JAKARTA - Badan Meteorologi, Klimatologi, dan Geofisika (BMKG) menyampaikan bahwa sebagian daerah di Sumatera Utara (Sumut) masih berpeluang diguyur hujan karena dipicu adanya belokan angin dan aktivitas gelombang atmosfer yang sedang aktif.
"Selain itu, juga akibat kondisi udara cukup labil yang mendukung proses konvektif dan pembentukan awan hujan," kata Prakirawan BBMKG Wilayah I Putri Hafizah di Medan, Selasa.
Munculnya bibit siklon di Samudra Hindia bagian barat Sumatera turut menyebabkan terciptanya belokan angin (shearline) serta daerah konvergensi dari kawasan pantai barat hingga lereng timur Sumatera Utara.
Di samping itu, keaktifan gelombang atmosfer bersama dengan suhu permukaan laut yang hangat ikut mendorong peningkatan pembentukan awan hujan.

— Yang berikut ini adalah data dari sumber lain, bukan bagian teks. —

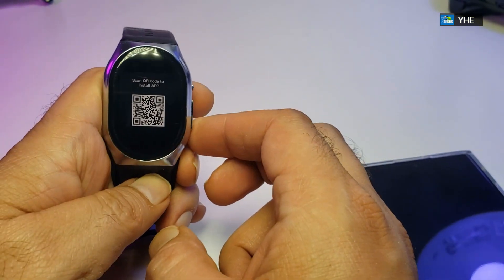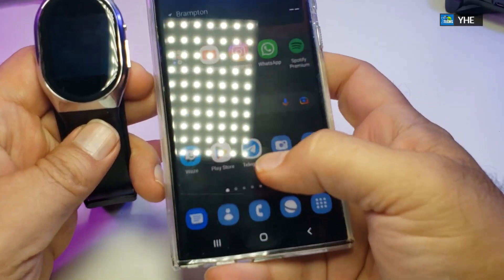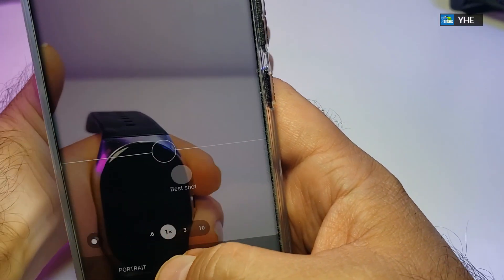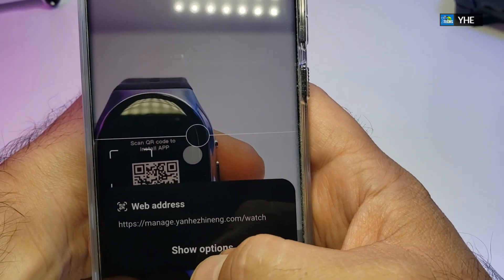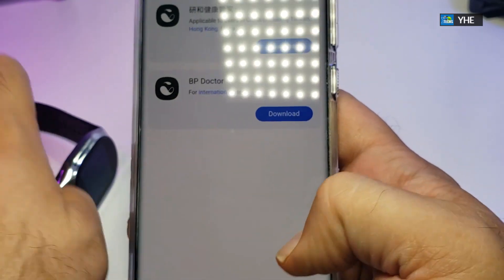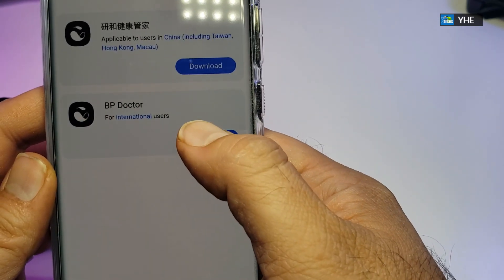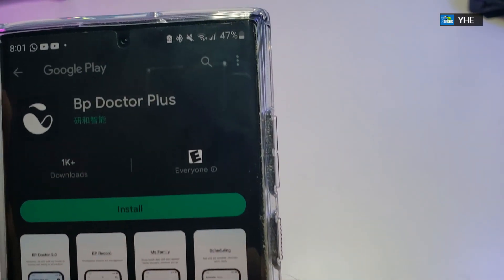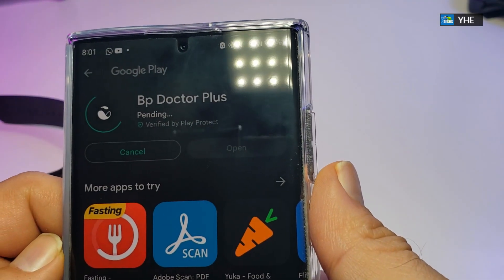Now let's get it connected. We are going to scan the QR code. For that we have our Galaxy S22 Ultra on hand. We brought up the camera and scanned the QR code. It automatically goes to the website to get the app for us — the English version is called BP Doctor. It automatically takes you to the Google Play Store and we click install. It takes a couple of seconds to install.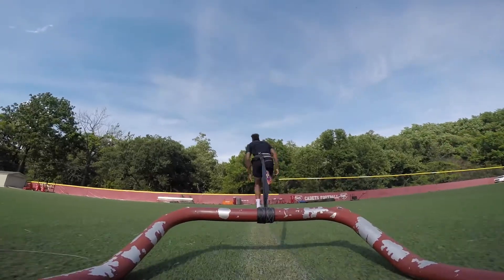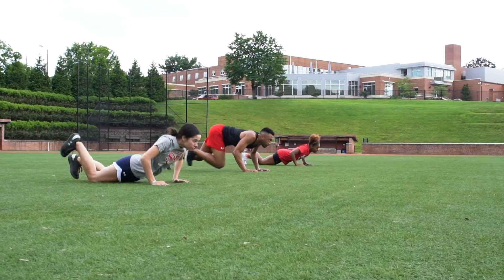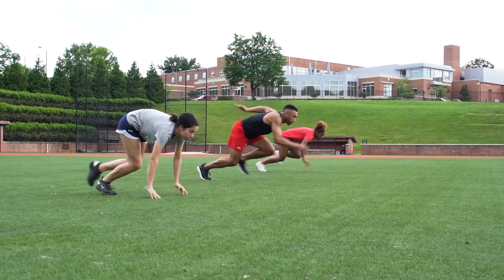When accelerating, you want to rip that thigh forward. You want your ankle dorsiflexed. You're gonna spend more time on the ground than in the air — your ground contact time is high and your air time is low. This is why you see sprinters when they come out of the blocks almost drag their toes the first few steps.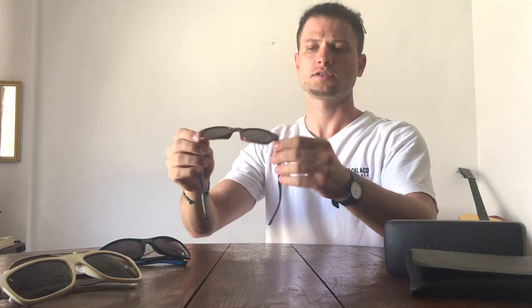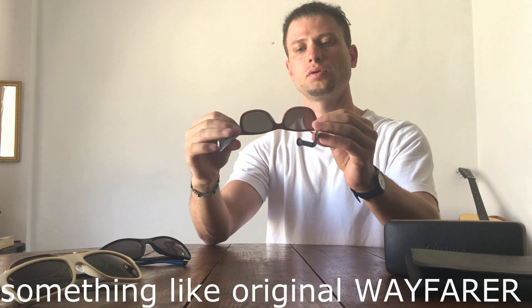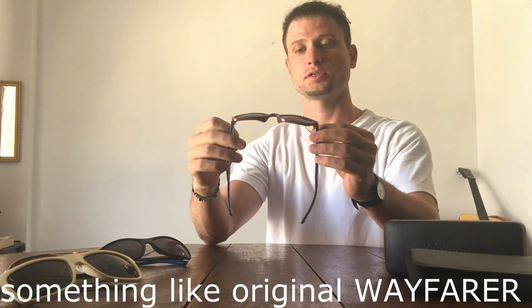The last one is another Converse in a brownish-red or maroon and blue. This actually fits best on my type of face and I wear them most of the time. They look pretty decent and I like the combination of colors — it's kind of like the Ray-Ban style but much more inexpensive.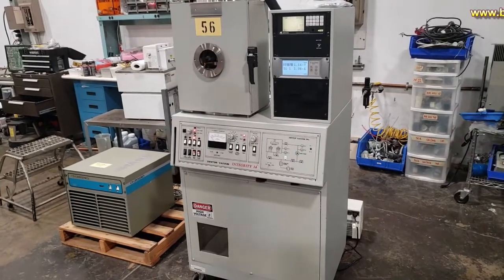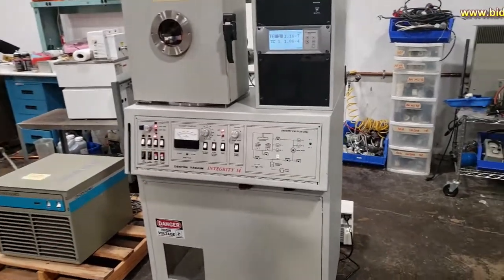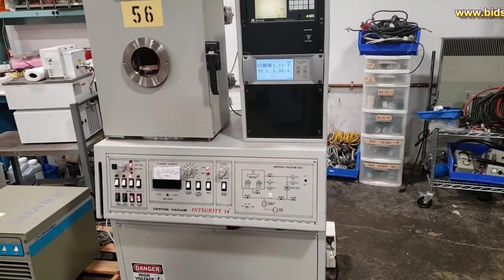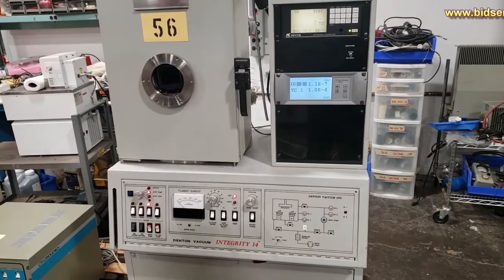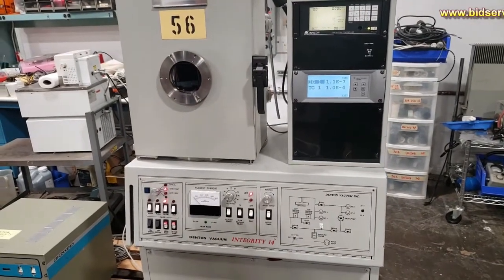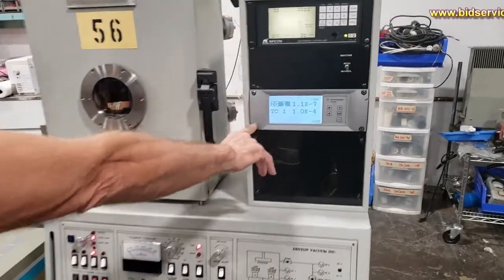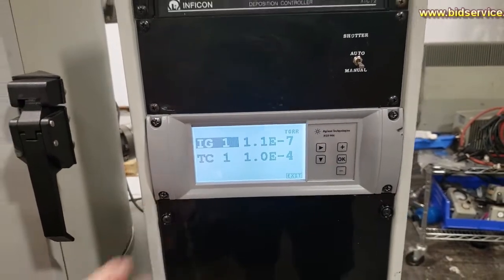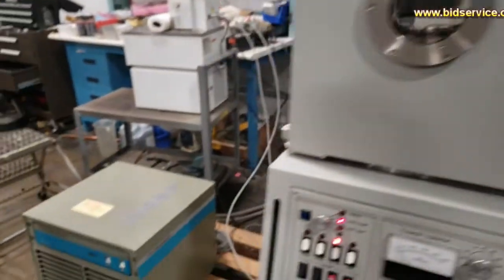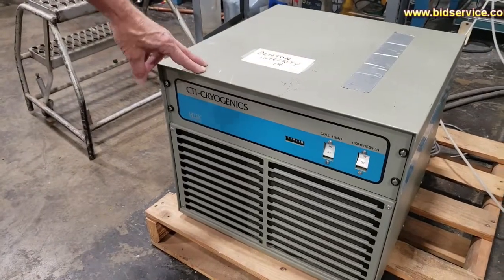This is a video demonstration of the Denton Vacuum, category 14. It's a two-source thermal evaporation system. The first thing to discuss is the gauge controller for your vacuum system. This is a cryo system using an air-cooled CPI cryogenic compressor.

Keadaan atmosfer yang tidak stabil tersebut juga menunjang proses konveksi, sehingga memperbesar kesempatan bagi tumbuhnya awan konvektif.
Ketika pagi sampai siang hari, cuaca pada umumnya cerah berawan yang memungkinkan terjadinya pemanasan permukaan secara cukup signifikan.
Keadaan itu berpeluang mendorong pertumbuhan awan konvektif pada sore hingga malam hari, yang dapat mengakibatkan hujan berintensitas sedang sampai lebat disertai kilat dan angin kencang berdurasi singkat (lokal) di beberapa daerah Sumatera Utara.
"Cuaca di Sumatera Utara dalam sepekan ke depan umumnya didominasi oleh kondisi hujan sedang hingga lebat," katanya.
Sementara itu, kawasan yang berpeluang mengalami hujan berintensitas sedang hingga lebat meliputi Kabupaten Langkat, Binjai, Medan, Deli Serdang, Serdang Bedagai, Tebing Tinggi, Batubara, Asahan, Labuhanbatu Utara, Labuhanbatu Selatan, serta Pakpak Bharat.
Keadaan serupa juga berpotensi terjadi di Dairi, Karo, Humbang Hasundutan, Toba, Samosir, Simalungun, P. Siantar, Padang Lawas, Padang Lawas Utara, Tapanuli Selatan, Padang Sidempuan, Tapanuli Tengah, Sibolga, Tapanuli Utara, Mandailing Natal, Gunung Sitoli, Nias, Nias Selatan, Nias Utara, dan Nias Barat.